Fri Sep 26 09:12:01 CEST 2008

Op Fri, 26 Sep 2008, schreef Graeme Geldenhuys:

> On Thu, Sep 25, 2008 at 10:33 PM, Florian Klaempfl
> <florian at freepascal.org> wrote:
>>
>> Who says that? UTF-16 is simply chosen because it has features (supporting
>> all characters basically) ANSI doesn't?
>
> Sorry, my message was unclear and I got somewhat mixed up between ANSI
> and UTF-8. I meant the encoding type of String or UnicodeString being
> UTF-16 instead of UTF-8.  The CodeGear newsgroups are full of people
> saying that UTF-16 was chosen because they could call the 'W' api's
> without needing a conversion.
>
> My question is, has anybody actually seen the speed difference (actual
> timing results) showing UTF-16 string calling 'W' api's compared to
> UTF-8->UTF-16 and then calling the 'W' api's.  With today's computers,
> I can't imagine that there would be a "significant speed loss" using
> such conversions. The speed difference might be milliseconds, but
> that's not really "significant speed loss" is it?
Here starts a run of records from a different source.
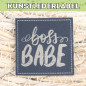 Preview: Kunstlederlabel Boss Babe schwarz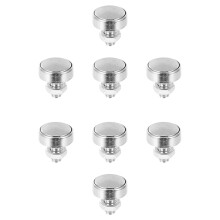 4Pairs Anti-Rust Zinc Alloy License Plate Fasteners Silver Car Use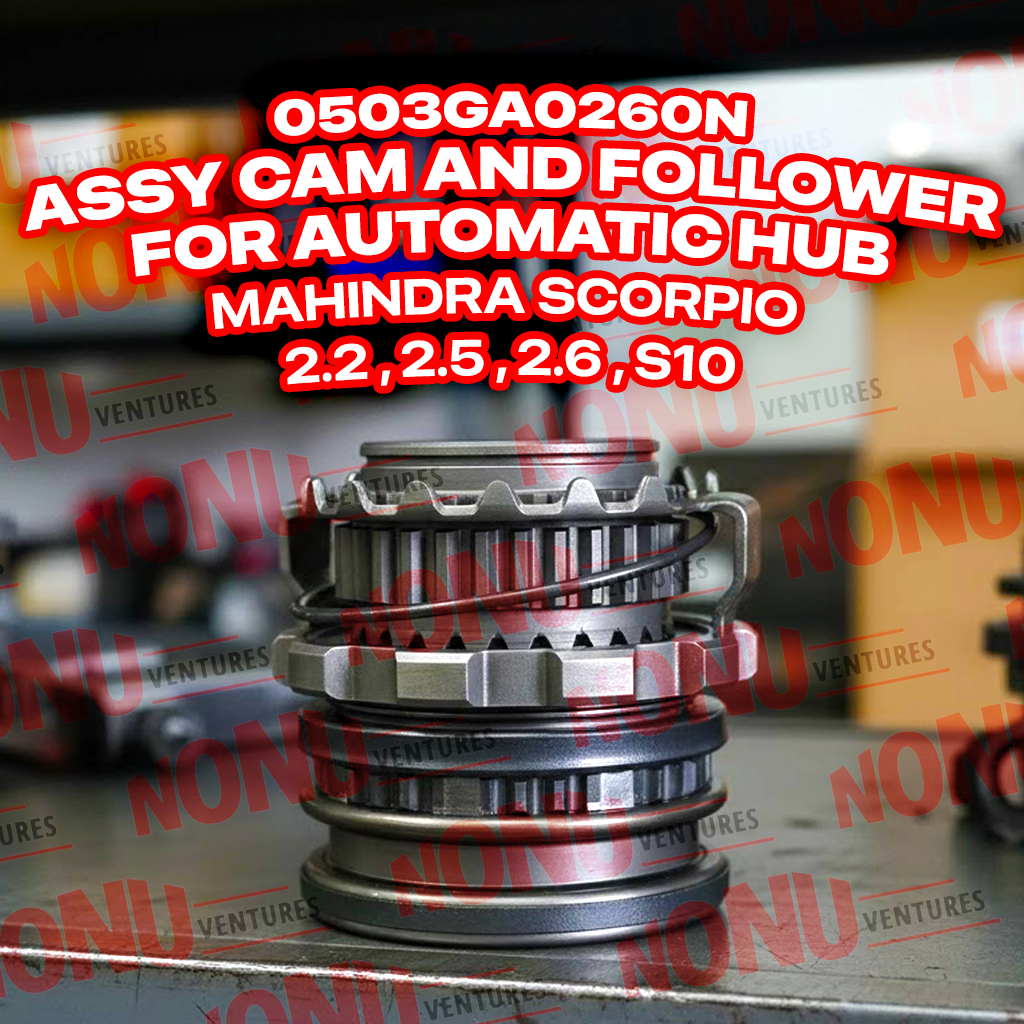 Assy Cam & Follower Automatic Hub product photo — Mahindra OEM 0503GA0260N for Scorpio / Goa — Nonu Ventures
I think the main speed issue with UTF-8 is the speed of procedures like 
"val". A "val" which accepts both western and Arabic digits would be 
significantly more complex and therefore slower in UTF-8 than in UTF-16.

> I suppose it would be viable doing timing results for saving text
> files as well. After all, 99% of the time, text files are stored in
> UTF-8. So in D2009 you would first have to convert UTF-16 to UTF-8 and
> then save. And the opposite when reading, plus checking for the byte
> order marker.  If you used UTF-8 for the String encoding no
> conversions are required and no byte order marker checks needed.

For me the speed of input/output is less relevant, this is limited by disk 
speed anyway. It's the speed of processing that should be decisive.

Daniël